ESPN’s Zach Lowe last week listed a few reasons why the Leonard trade stare-down might soon turn to meaningful discussion — LeBron James urging the Lakers to pull the trigger, more legitimate suitors emerging for his services and/or Kawhi demonstrating a willingness to re-sign outside of L.A. LeBron reportedly hasn’t applied pressure on Magic Johnson to go all in for Leonard yet, but those other two options might soon be on the negotiating table, if they aren’t there already, according to reports.
First, there was this from ESPN’s Michael C. Wright on the Back to Back podcast, via Bleacher Report (Leonard reports sure aren’t easy to keep track of, so it’s a good thing we’re here to sort them out):
“The Lakers are not Kawhi’s preferred destination anymore. He wants to go to the Clippers. Because he doesn’t want to go and be second fiddle to LeBron. That’s what I was told. I was told by somebody that would know. So right now the Clippers are where he wants to go.
“But I’m also told — I talked to people within the Spurs organization — and they’re like, ‘Yeah he wants to go to the Clippers, but their assets are s*** at this point.'”
Those “s***” assets: Tobias Harris, rookies Shai Gilgeous-Alexander and Jerome Robinson, and a future first-round pick, none of which compares to the best offer the Lakers, Sixers or Celtics could put forth.
Then, not long after Lowe included the Toronto Raptors on his theoretical list of mystery suitors for Leonard, The Washington Post’s Tim Bontemps suggested the Raptors “generated buzz as a potential destination for Leonard.” Bontemps did not share what that buzz was, exactly, or how much it buzzed.
Here’s how Lowe originally imagined it:
The most logical all-in play on the board is Toronto offering DeRozan, one of Pascal Siakam, Delon Wright,Jakob Poeltl, and OG Anunoby, and a future first-round pick. Upgrade from DeRozan to Leonard, and the Drakes have a real shot to make the NBA Finals. Maybe Leonard would love Toronto, and enjoy playing in May and June in front of that nutty crowd.
If Leonard walks, the damage isn’t so severe.
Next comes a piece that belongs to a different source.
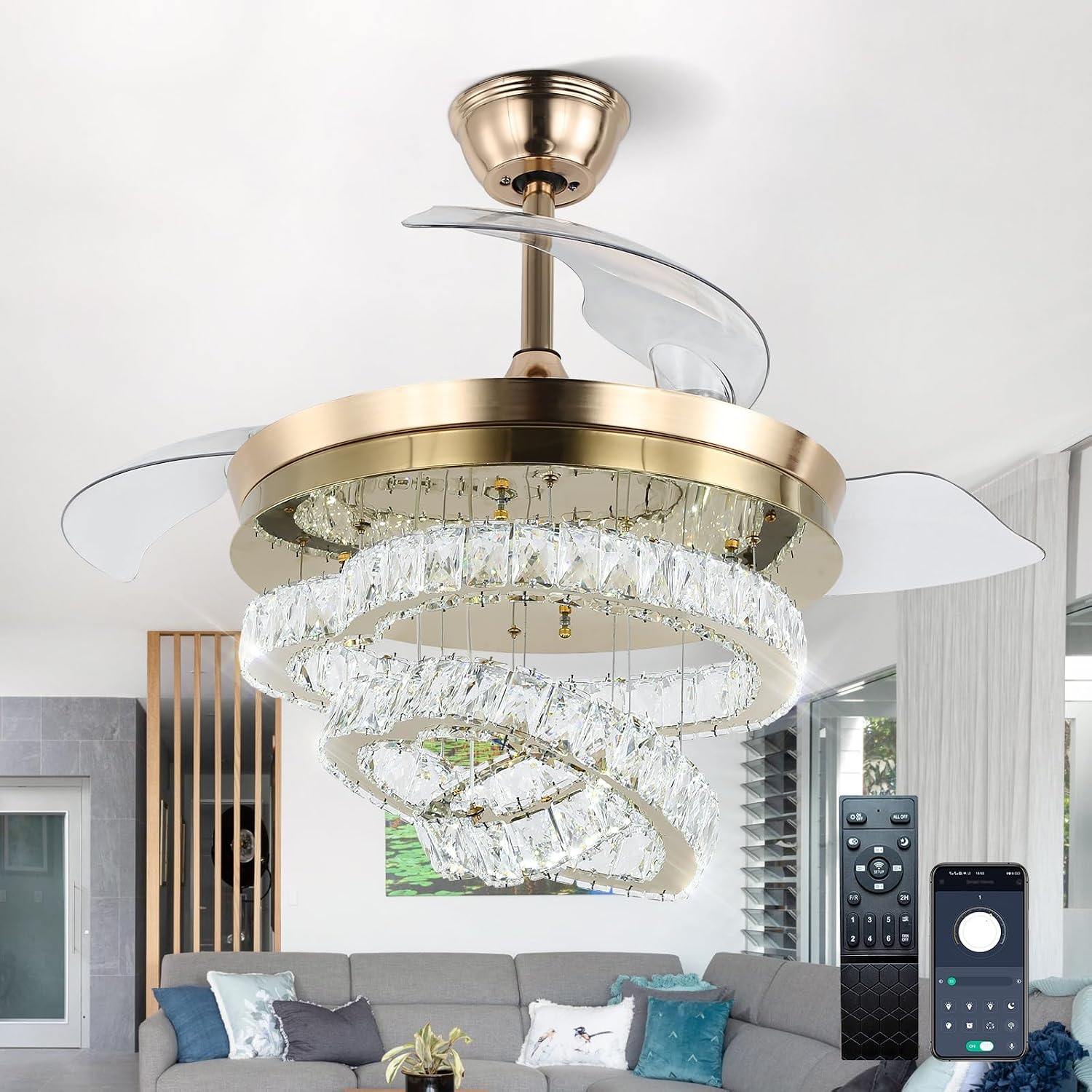 FRIXCHUR 42″ Modern Crystal Chandelier Ceiling Fan LED Dimmable Fandelier Ceiling Fans with Lights and Remote, 6-Speed Reversible DIY Fans Light for Living Room Bedroom (Gold)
After this season, DeRozan will either opt in to $27.7 million or enter free agency seeking a mega-contract as he turns 30. But DeRozan is really good, Leonard is a huge flight risk, and my hunch is the Spurs would demand too much future stuff for Toronto’s taste (if it has any interest in the first place).
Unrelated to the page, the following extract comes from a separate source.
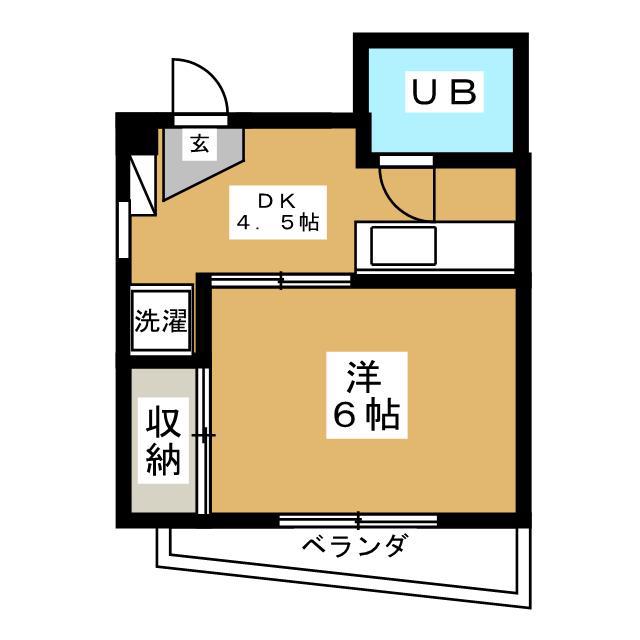 クリンゲルハイツ(1DK/3階)の間取り写真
But before Canadians could work up their excitement over this hypothetical deal, ESPN’s Chris Haynes poured some cold water on it. “Los Angeles [the Lakers and Clippers] are his preferred destinations,” Haynes said on “The Jump.” “He will consider Philly. That’s the only Eastern Conference team that he would consider if they’re able to put a package together. … I think Philly has a really good chance.”
We should note that the Spurs don’t need Leonard’s permission to trade him anywhere. He can certainly steer negotiations in his direction by refusing to play for teams or insisting he’ll leave in 2019, but he does not have a no-trade clause and cannot dictate his future until next summer. So, we’re left to wonder whether Haynes meant Leonard would consider re-signing in Philadelphia.
And that’s the key. The Raptors and Celtics won’t mortgage futures for the slim chance they can change Leonard’s mind by fielding a title contender around. L.A. or Philadelphia it would be, then.
Of course, there is also the possibility that these reports — reported on podcasts and TV shows and everywhere but in writing — are just smokescreens sent from San Antonio to get the Lakers and 76ers to bid against each other. With all this smoke, you’d think somebody will blink “sooner than later,” as that one exec said, and we know Popovich and Leonard well enough to know they’ll hold their stares.